Exercise description:
Restate each of the lines below word for word and drop every picture.

Material supplied:

------------

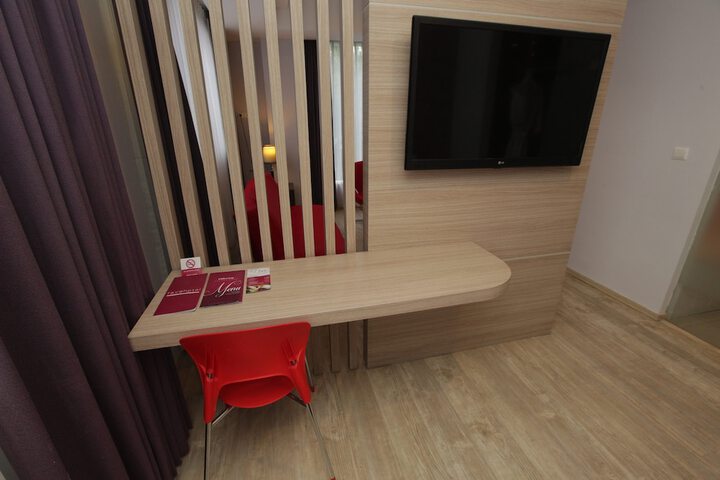 Room 6 of 30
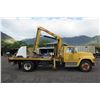 Image 2 : Ford F Series Flatbed Truck w/ IMT 4825 Truck-Mounted Extendable Crane (Runs & Drives, See Video)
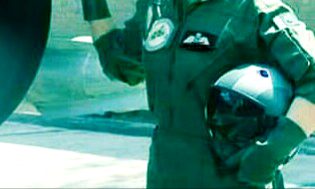 نہ ہم نے ذندگی کا سوچا ھے نہ ہی زمانے کا سوچا ھے....
ہم نے تو بس اس پاک وطن پر جاں لٹانے کا سوچا ھے۔..❤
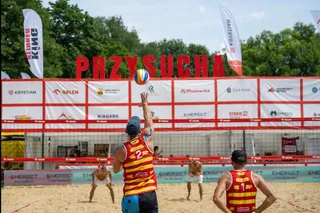 ORLEN Beach Volley Tour PKO: Poznaliśmy pierwszych półfinalistów turnieju w Przysusze!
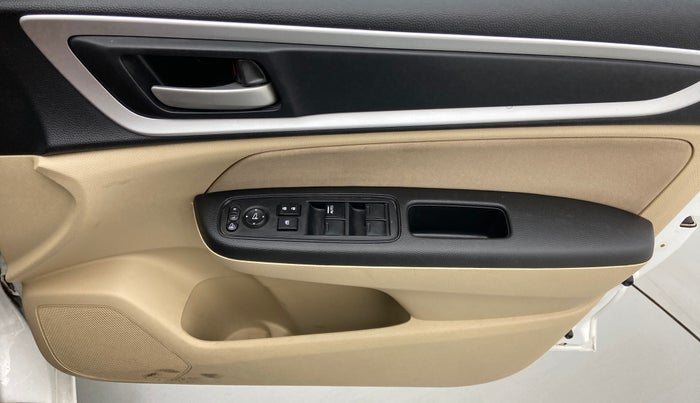 2021 Honda Amaze 1.2L I-VTEC S, Petrol, Manual, 17,147 km, Driver Side Door Panels Control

------------

Task output:
 Room 6 of 30
 Image 2 : Ford F Series Flatbed Truck w/ IMT 4825 Truck-Mounted Extendable Crane (Runs & Drives, See Video)
 نہ ہم نے ذندگی کا سوچا ھے نہ ہی زمانے کا سوچا ھے....
ہم نے تو بس اس پاک وطن پر جاں لٹانے کا سوچا ھے۔..❤
 ORLEN Beach Volley Tour PKO: Poznaliśmy pierwszych półfinalistów turnieju w Przysusze!
 2021 Honda Amaze 1.2L I-VTEC S, Petrol, Manual, 17,147 km, Driver Side Door Panels Control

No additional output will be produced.